Elizabeth Montalbano

December 17, 2010

2 Min Read

The White House has launched another online dashboard to provide more transparency on how the government spends its money, this time in overseas investments.

The Foreign Assistance Dashboard, launched by the State Department and the U.S. Agency for International Development, is aimed at making it easier for policymakers as well as the public to understand U.S. investments abroad. That's according to a White House blog post attributed to Jeremy Weinstein, director for Democracy on the National Security Staff, and Robynn Sturm advisor to the deputy director in the White House Office of Science and Technology Policy. Modeled on similar federal spending dashboards such as USAspending.gov and the federal IT Dashboard, the site allows people to where U.S. foreign aid is dispersed around the globe, as well as gives them data-analysis tools to help them understand how the funds are appropriated.
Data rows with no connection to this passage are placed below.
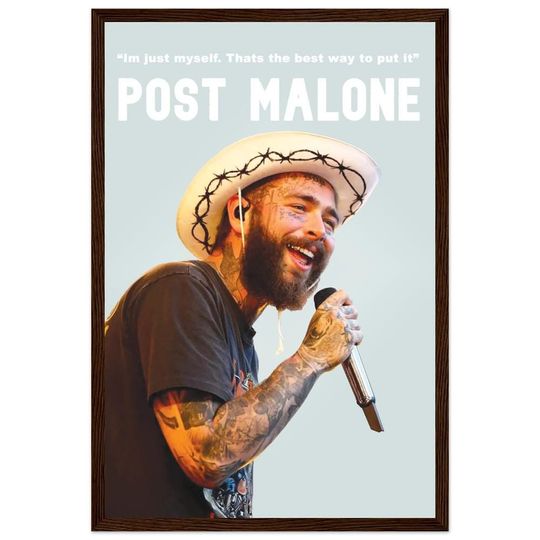 Post Malone Poster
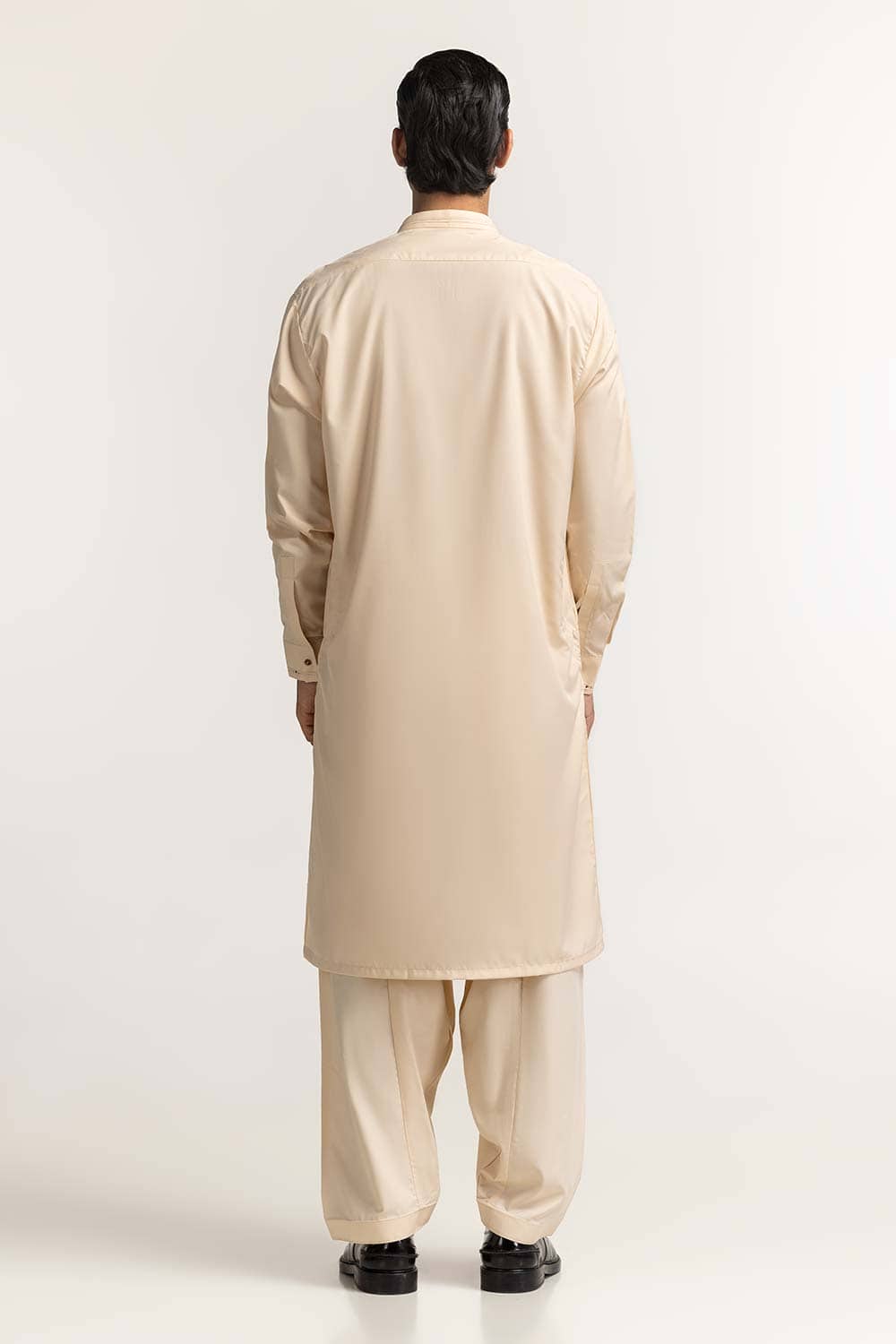 Cream Basic Suit SK-S24-024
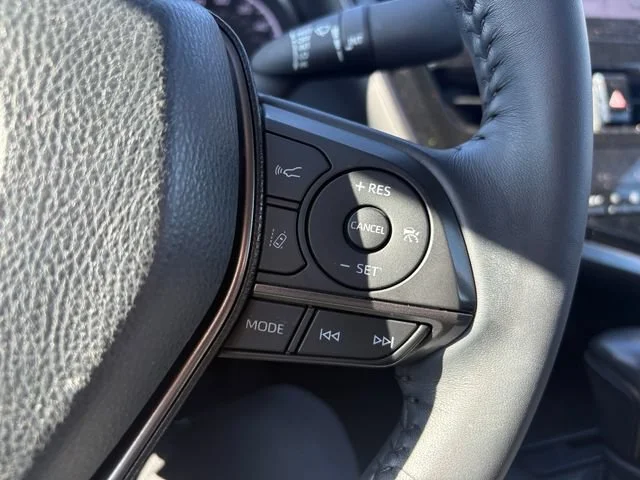 Certified Used 2024 Silver Toyota SE image 26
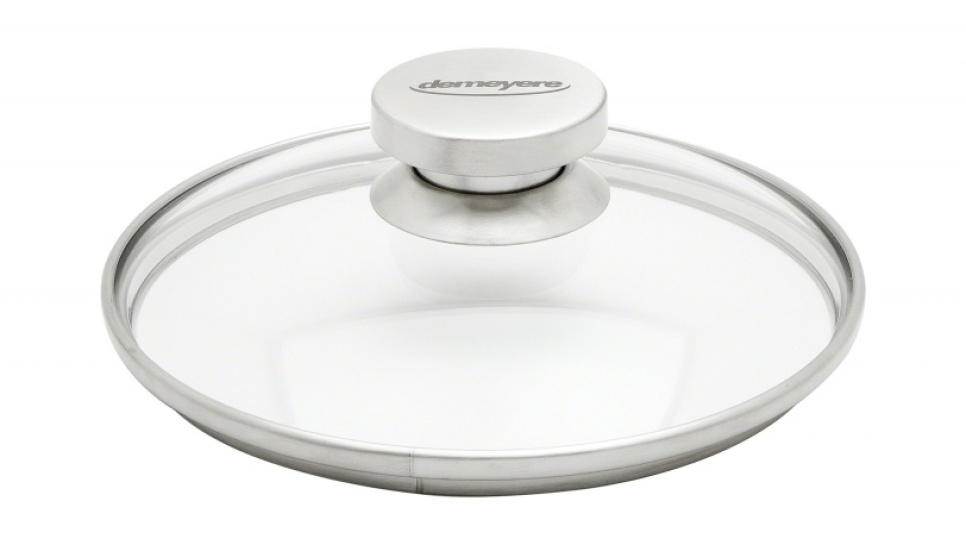 Glass lid with steel knob, Specialties Demeyere Shop online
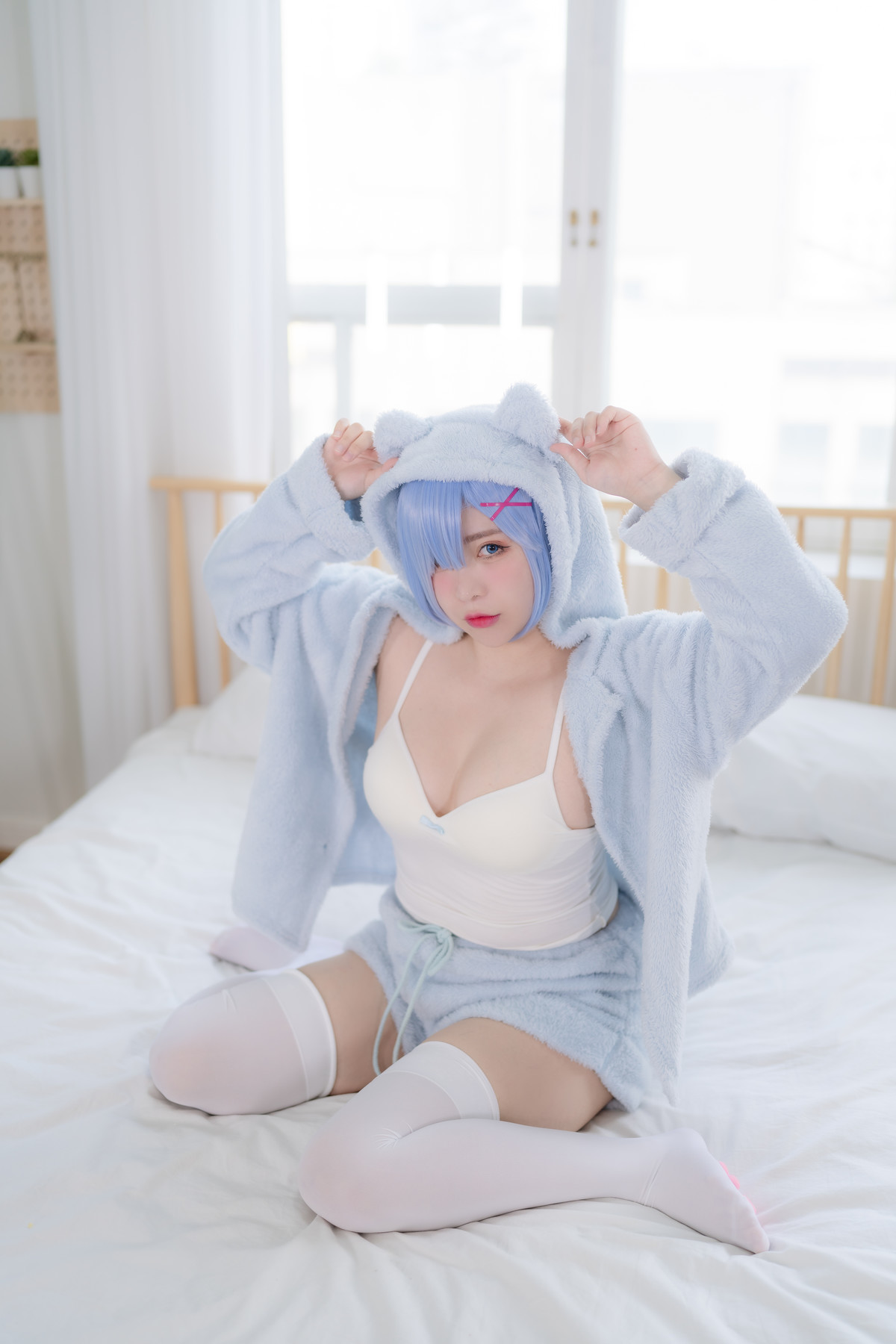 Cosplay Yuna 유나 Remレム ReZero 3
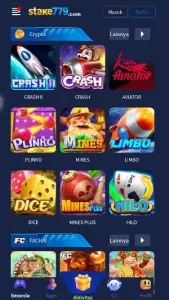 Stake779 screenshot 4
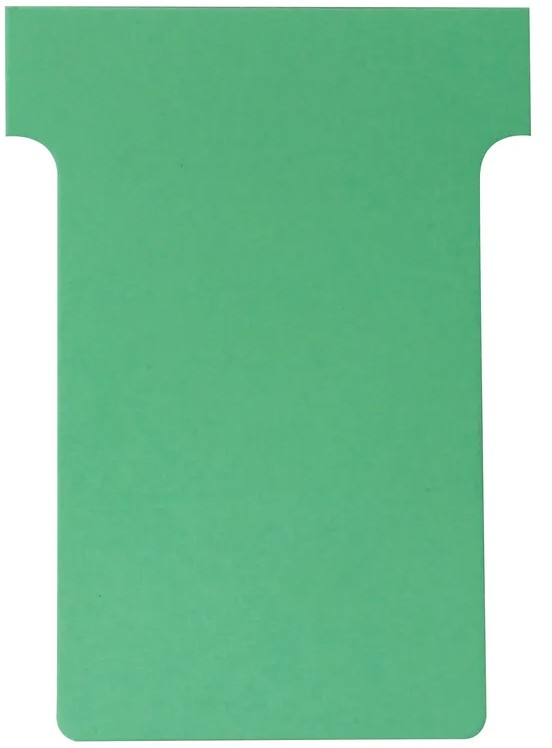 Nobo T-Cards Size 3 Green 5 Packs Of 100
The administration hopes that the site will help governments receiving funds to better plan and budget, as well enable donors to coordinate and target investments more effectively, according to the post. As with other federal dashboards, the government also hopes the public will hold agencies accountable for the money being spent to ensure it is not used wastefully. The U.S. government provides more than $58 billion a year in foreign assistance through more than 20 agencies. Currently the site only includes money donated by U.S. states and USAID, but eventually it will provide information on foreign investments from all federal agencies providing assistance, according to the post. The Foreign Assistance Dashboard breaks down spending into different categories -- such as by initiative, industry sector and organization -- so people have multiple ways to browse and search for spending. The administration plans to add more capabilities to the site to show not only how much money is spent but also the impact the investments have, according to the post. The Office of Management and Budget (OMB), the agency at the helm of the administration's other online transparency efforts, will oversee how the site evolves.